AUTHOR=Chen Minjun , Wu Yue , Wingerd Byron , Liu Zhichao , Xu Joshua , Thakkar Shraddha , Pedersen Thomas J. , Donnelly Tom , Mann Nicholas , Tong Weida , Wolfinger Russell D. , Bao Wenjun TITLE=Automatic text classification of drug-induced liver injury using document-term matrix and XGBoost JOURNAL=Frontiers in Artificial Intelligence VOLUME=7 YEAR=2024 URL=https://www.frontiersin.org/journals/artificial-intelligence/articles/10.3389/frai.2024.1401810 DOI=10.3389/frai.2024.1401810 ISSN=2624-8212 ABSTRACT=Introduction

Regulatory agencies generate a vast amount of textual data in the review process. For example, drug labeling serves as a valuable resource for regulatory agencies, such as U.S. Food and Drug Administration (FDA) and Europe Medical Agency (EMA), to communicate drug safety and effectiveness information to healthcare professionals and patients.

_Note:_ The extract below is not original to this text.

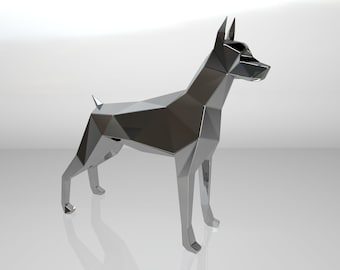 Modèle bricolage pour sculpture en métal - Modèle de chien doberman low poly DXF et PDF - Plans de la statue à assembler à partir de la découpe CNC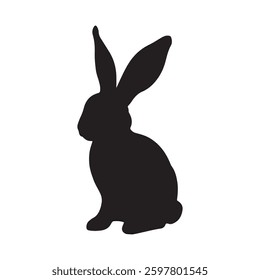 Rabbit vector silhouette design on a white background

Drug labeling also serves as a resource for pharmacovigilance and drug safety research. Automated text classification would significantly improve the analysis of drug labeling documents and conserve reviewer resources.

Methods

We utilized artificial intelligence in this study to classify drug-induced liver injury (DILI)-related content from drug labeling documents based on FDA’s DILIrank dataset. We employed text mining and XGBoost models and utilized the Preferred Terms of Medical queries for adverse event standards to simplify the elimination of common words and phrases while retaining medical standard terms for FDA and EMA drug label datasets. Then, we constructed a document term matrix using weights computed by Term Frequency-Inverse Document Frequency (TF-IDF) for each included word/term/token.

Results

The automatic text classification model exhibited robust performance in predicting DILI, achieving cross-validation AUC scores exceeding 0.90 for both drug labels from FDA and EMA and literature abstracts from the Critical Assessment of Massive Data Analysis (CAMDA).

Discussion

Moreover, the text mining and XGBoost functions demonstrated in this study can be applied to other text processing and classification tasks.